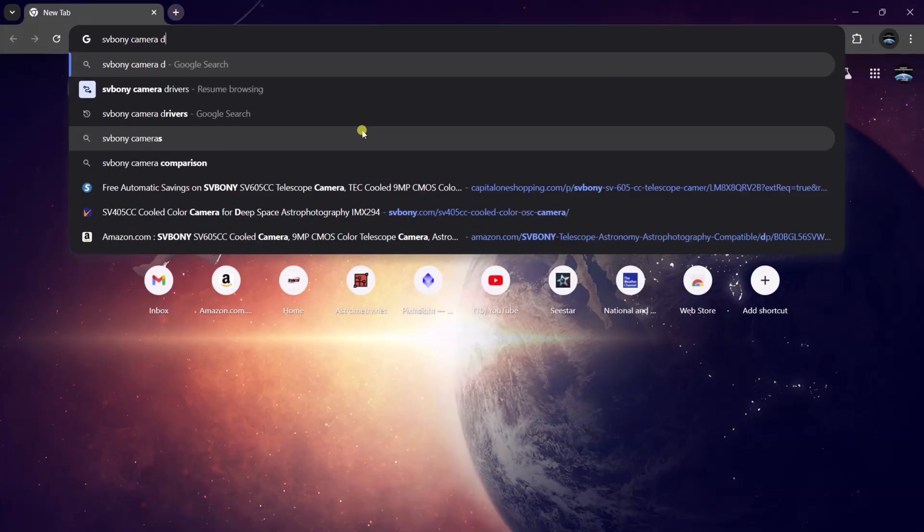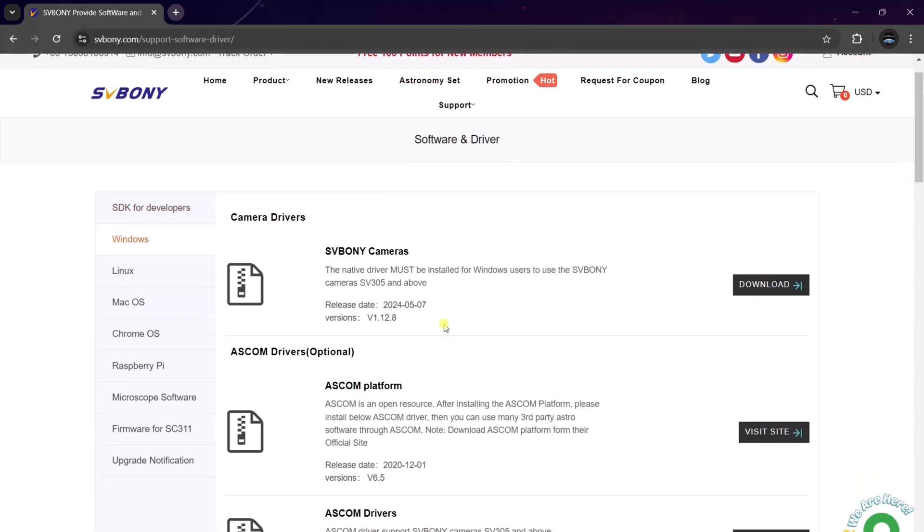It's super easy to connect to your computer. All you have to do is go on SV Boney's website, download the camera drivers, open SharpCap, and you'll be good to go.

---

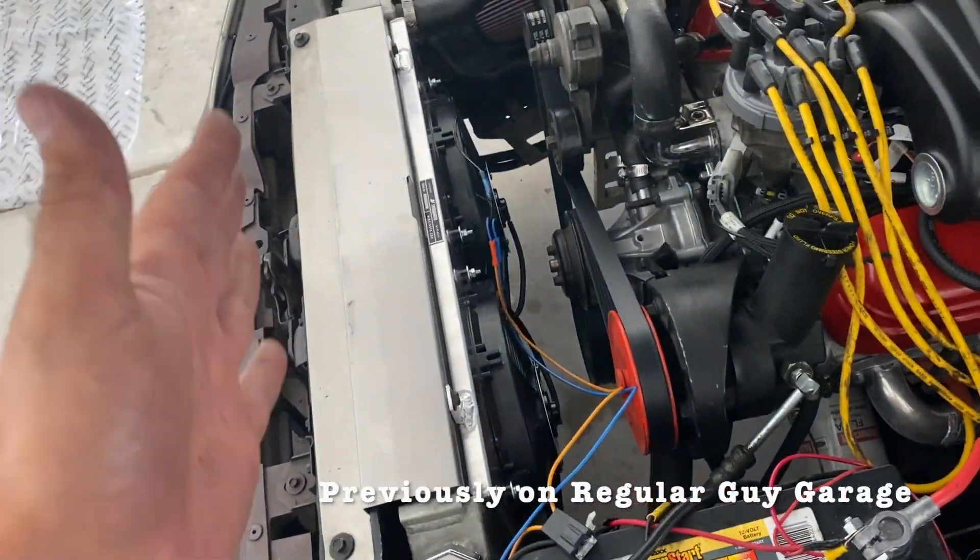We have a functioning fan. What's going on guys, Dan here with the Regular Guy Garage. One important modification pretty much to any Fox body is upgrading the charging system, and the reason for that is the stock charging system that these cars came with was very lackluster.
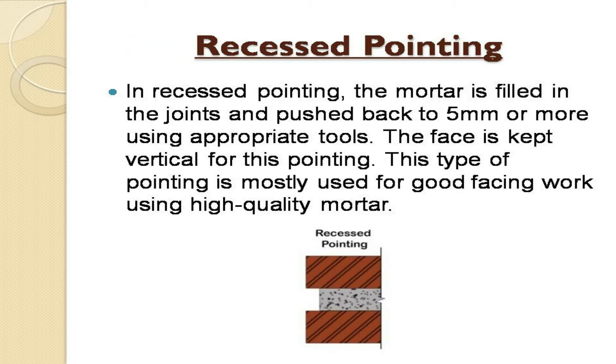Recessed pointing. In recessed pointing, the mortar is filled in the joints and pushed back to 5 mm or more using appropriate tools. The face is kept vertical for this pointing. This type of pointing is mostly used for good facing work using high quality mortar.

...

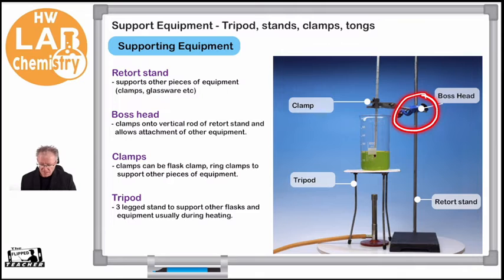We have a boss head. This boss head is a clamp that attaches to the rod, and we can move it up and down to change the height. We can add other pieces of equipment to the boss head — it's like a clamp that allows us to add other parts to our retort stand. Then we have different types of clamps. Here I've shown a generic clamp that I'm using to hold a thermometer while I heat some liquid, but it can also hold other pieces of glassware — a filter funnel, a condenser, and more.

EXERCISE GOAL: From the records above, return exactly the lines running from the one that contains "We have a functioning" down to the one that contains "Recessed pointing. In", both included, without any pictures.

EXERCISE RESPONSE:
We have a functioning fan. What's going on guys, Dan here with the Regular Guy Garage. One important modification pretty much to any Fox body is upgrading the charging system, and the reason for that is the stock charging system that these cars came with was very lackluster.
Recessed pointing. In recessed pointing, the mortar is filled in the joints and pushed back to 5 mm or more using appropriate tools. The face is kept vertical for this pointing. This type of pointing is mostly used for good facing work using high quality mortar.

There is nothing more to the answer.